As fertilizer prices climb, it's important to size up the agronomic potential of each corn field and run the numbers for that ground to see what the per bushel return is for inputs invested in the crop.
The rules for fertilizer just keep changing. Even though fertilizer prices increased dramatically from 2001 until 2008, it still required about the same number of bushels of corn—the real cost of fertilizer—to pay for nitrogen (N) and removal rates of phosphorus (P) and potassium (K). Now, with fertilizer prices taking another quantum leap in 2009, the real cost climbs.
Farm Journal Field Agronomist Ken Ferrie relates the cost right back to the bushels the fertilizer helps produce.
"To determine the real cost of fertilizer, look at your yield history,” Ferrie says. "For example, say you are averaging 180 bu. of corn per acre.
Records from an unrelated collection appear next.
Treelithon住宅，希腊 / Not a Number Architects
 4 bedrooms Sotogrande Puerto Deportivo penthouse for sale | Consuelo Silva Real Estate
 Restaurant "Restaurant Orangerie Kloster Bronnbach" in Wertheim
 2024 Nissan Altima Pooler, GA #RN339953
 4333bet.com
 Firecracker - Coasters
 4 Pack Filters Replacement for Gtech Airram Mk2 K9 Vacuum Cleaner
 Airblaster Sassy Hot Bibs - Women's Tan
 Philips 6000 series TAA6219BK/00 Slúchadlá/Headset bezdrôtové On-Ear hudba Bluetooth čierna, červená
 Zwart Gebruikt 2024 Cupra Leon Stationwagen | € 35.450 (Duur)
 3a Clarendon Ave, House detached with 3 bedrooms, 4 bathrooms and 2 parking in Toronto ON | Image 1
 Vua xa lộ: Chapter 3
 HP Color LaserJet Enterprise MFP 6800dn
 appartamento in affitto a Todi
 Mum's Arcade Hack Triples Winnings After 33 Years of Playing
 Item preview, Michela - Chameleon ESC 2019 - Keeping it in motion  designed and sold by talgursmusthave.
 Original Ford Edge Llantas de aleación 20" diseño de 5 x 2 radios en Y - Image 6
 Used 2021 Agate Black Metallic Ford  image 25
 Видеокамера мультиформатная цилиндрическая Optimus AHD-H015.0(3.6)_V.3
Calculate the amount of phosphorus and potassium that is removed by that yield.”
Then, translate the cost of that fertilizer into bushels of corn. "If the fertilizer required by crop removal cost $50 per acre a few years ago, when the price of corn was $2 per bushel, it required 25 bu. of corn.”
The general ratio in that equation has held true for the past eight years, whether corn sold for $2.38 a bushel or $4.75. To walk through the numbers, see the "Cost of Fertilizer in Bushels” table compiled by Mark Baer of Sun Ag Supply in Tremont, Ill., on page 26.
You can see the same thing in budgets prepared by University of Illinois ag economists Gary Schnitkey and Dale Lattz, based on data from Illinois Farm Business Farm Management records, at www.farmdoc.uiuc.edu/manage/index.asp. Scroll down to "Per Acre Revenue and Costs for Illinois Crops.”
Those budgets show it was possible to net significantly more income, even with higher input prices—as long as you maintain yield. That's an argument for not cutting back on fertilizer.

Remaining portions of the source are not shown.